It was exactly that multi-faceted love that moved director Lespert and convinced him to take on the project. At a round table interview at the Trump Hotel SoHo with his lead actor, the lightly-bearded and affable French director sits cheerfully puffing on an electronic cigarette explaining his primary motivation for making the film.

“When I saw the documentary (L’amour fou) I was just very moved by how much these guys loved each other,” he says, “I wanted to make a really great romance movie.”

When Niney, who’s thin face, narrow features, and extremely thick mop of hair do in fact eerily resemble that of the character he portrays, did not consider the world of fashion to be a traditional art form when he first signed on to play the coveted role, but he quickly became amazed by the care, work ethic, and skill that designers like Saint Laurent and others employ.

“When I first got the role I was thinking, ‘It’s just a fucking dress,'” he says laughing, “After months of preparation working with a stylist who explained to me how a fashion house runs and the process of making a dress. I developed a respect for the patience and skill it takes to design these dresses.”

Niney is a revelation in the film, and typecasting aside, it could be a huge crossover performance for him. He draws on all the dichotomies within Saint Laurent’s character. The genius and the spite, the sweetness and the malice, and the early sobriety followed up by his hard-partying and hard-drugging later days. You see him treat his early muse Victoire Douteleau, played by Charlotte le Bon, with sweetness and respect one scene and vitriol and venom the next.

“That is why the role was so interesting and fascinating for an actor, finding all these contradictions in the character,” says Niney. “It was a real challenge during filming as we weren’t shooting chronologically. The real through line for this character as in the beginning he is this real young, shy, sweet guy. At the end of the movie he’s an alcoholic. But what we really focused on was that he was manic depressant.”

Pierre Niney as Yves Saint Laurent and Charlotte le Bon as Victoire
Pierre Niney as Yves Saint Laurent and Charlotte le Bon as Victoire

The drug and debauchery-fueled scenes are where the film runs into trouble. It is not a perfect film and finding the balance between telling the story of a romance while also bringing in Scorsese-lite fast-paced sequences of Saint Laurent’s plunge into drug abuse that feel frantic and almost a bit rushed. Like many biopics it has to cramp a lot of material into a two-hour or less film. Lespert admits that it was hard at times to not tell the story as almost a sort of Scarface-like gangster film.

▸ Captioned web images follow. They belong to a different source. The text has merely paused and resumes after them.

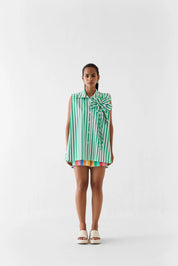 Mint Shirt With Flower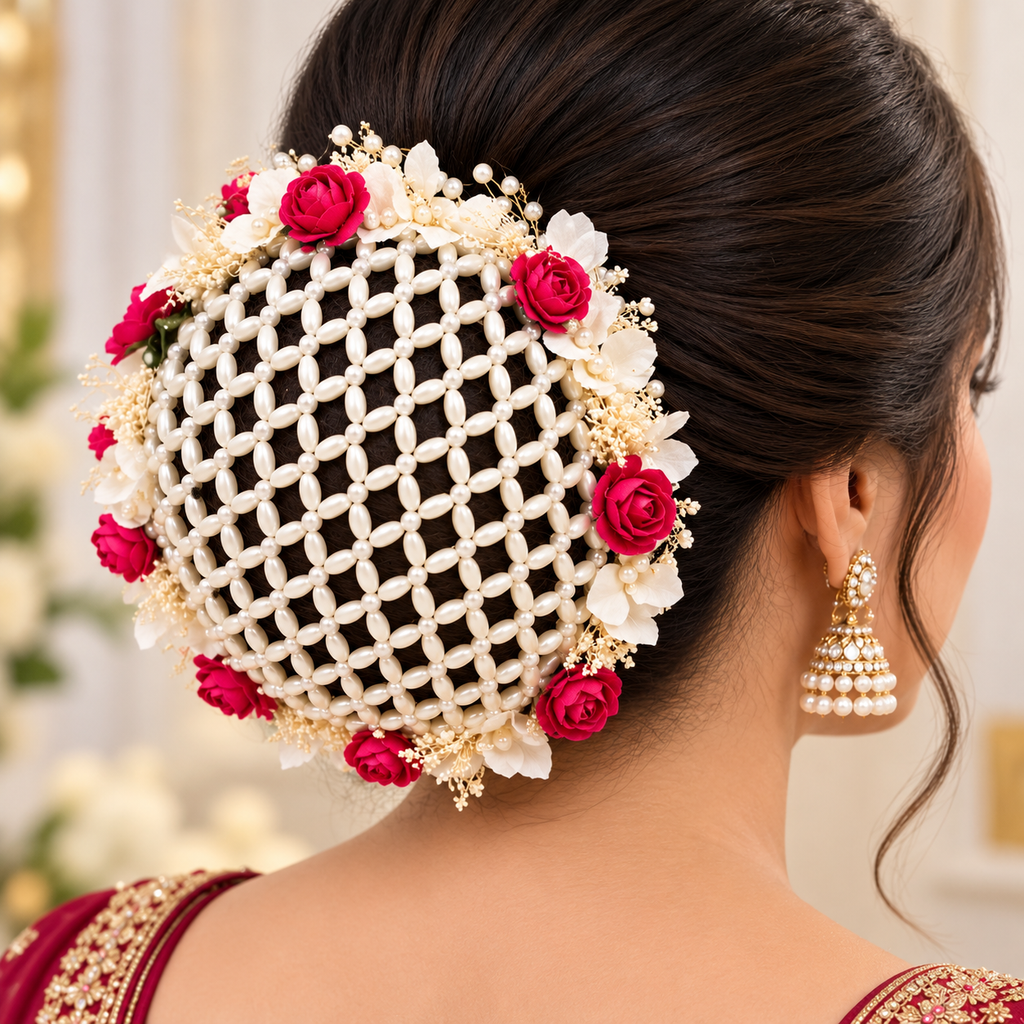 Floral Pearl Hair Bun Cover – Bridal Juda Hair Accessory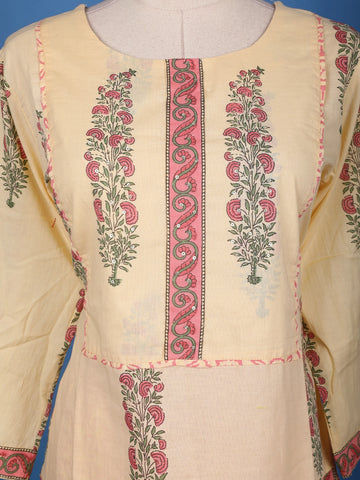 Cream Floral Design Printed Cotton Salwar Suit - Diadem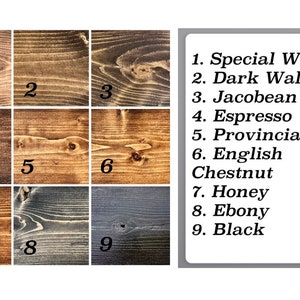 May include: Nine wood stain samples in various shades, including Special Walnut, Dark Walnut, Jacobean, Espresso, Provincial, English Chestnut, Honey, Ebony, and Black. Each sample is a square of stained wood.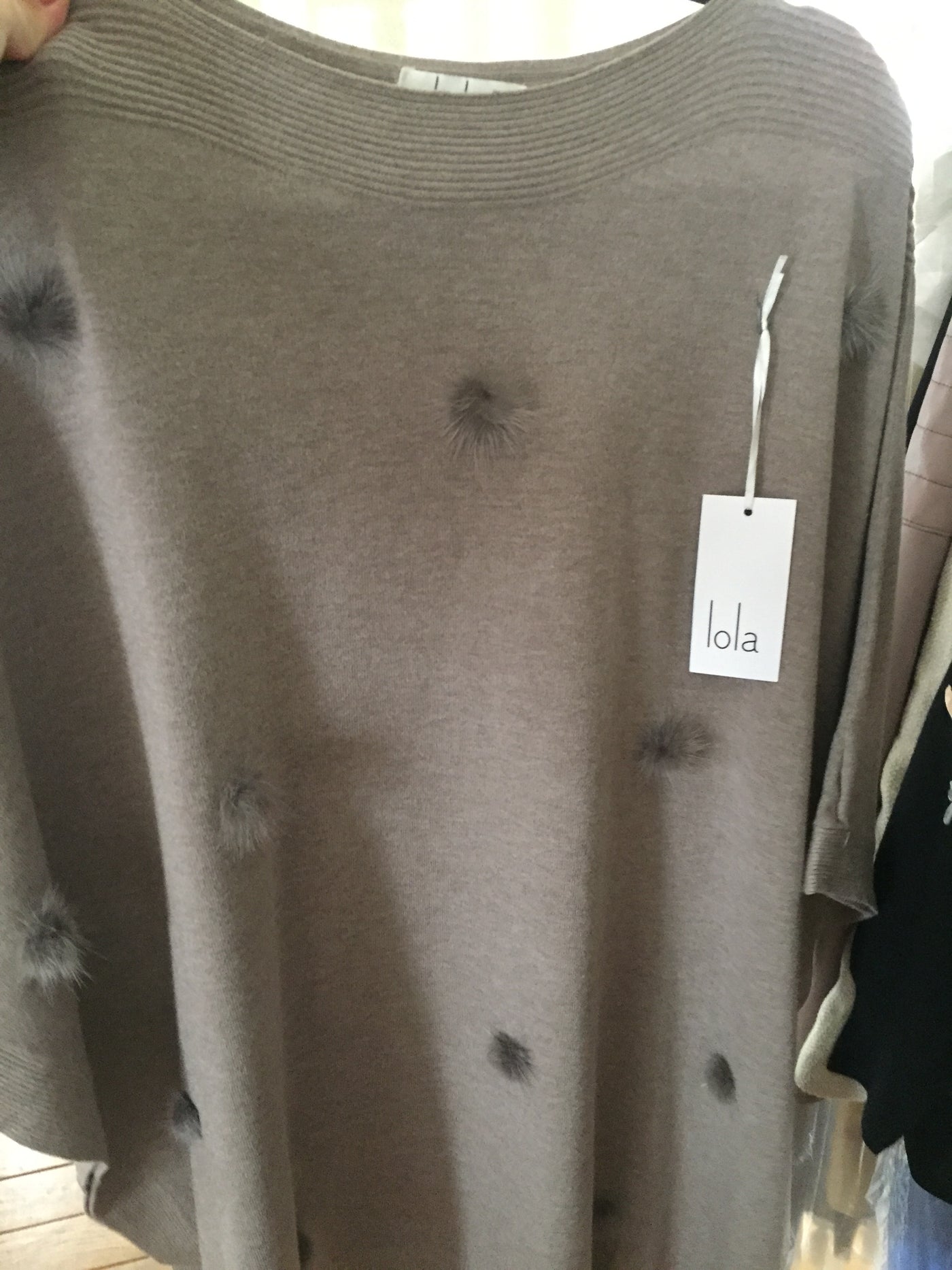 Lola Taupe Poncho with fur pompoms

“It was very important to talk about the dark aspects of Yves’s personality but it would also have been clichéd to only talk about that,” says Lespert, “When I started writing the script, I was like, ‘Yeah I want more drugs, more backroom!’ (Laughs) Of course I had to talk about that but I wanted to talk more about creation, about fashion, and about the artist behind it.”

Lespert, an actor himself, noticed that people in fashion often have theatric flair to their characters and as such employed a cast more known for stage work than cinema, and the cast works well together portraying a tight-knit and wild group of people, “I needed theatre actors because usually they are technically better. They can play a lot of emotions and play off each other well. You don’t get that with a lot of actors,” he says.

Though the filmmakers want to make clear they made the film independent of the renamed Saint Laurent Paris’s influence, they also got to experience the backroom of a Saint Laurent Paris show when current Saint Laurent Paris creative director Hedi Slimane invited them backstage to a show

Slimane can’t escape comparisons to Saint Laurent, as he like also jumped from creative director of Dior to Saint Laurent, and like Saint Laurent has a visionary approach to fashion employing influences from art, rock and roll, and bohemia. Niney couldn’t help but take influence from the magnetic Silmane, “Heidi’s an interesting guy in many ways and he has many similarities with Yves Saint Laurent.,” says Niney, “He’s really shy, but you can see in his eyes and he’s really passionate and alive. As soon as he gets in the room it just lights up. Yves also was really shy, but he had the aura of a really strong person.”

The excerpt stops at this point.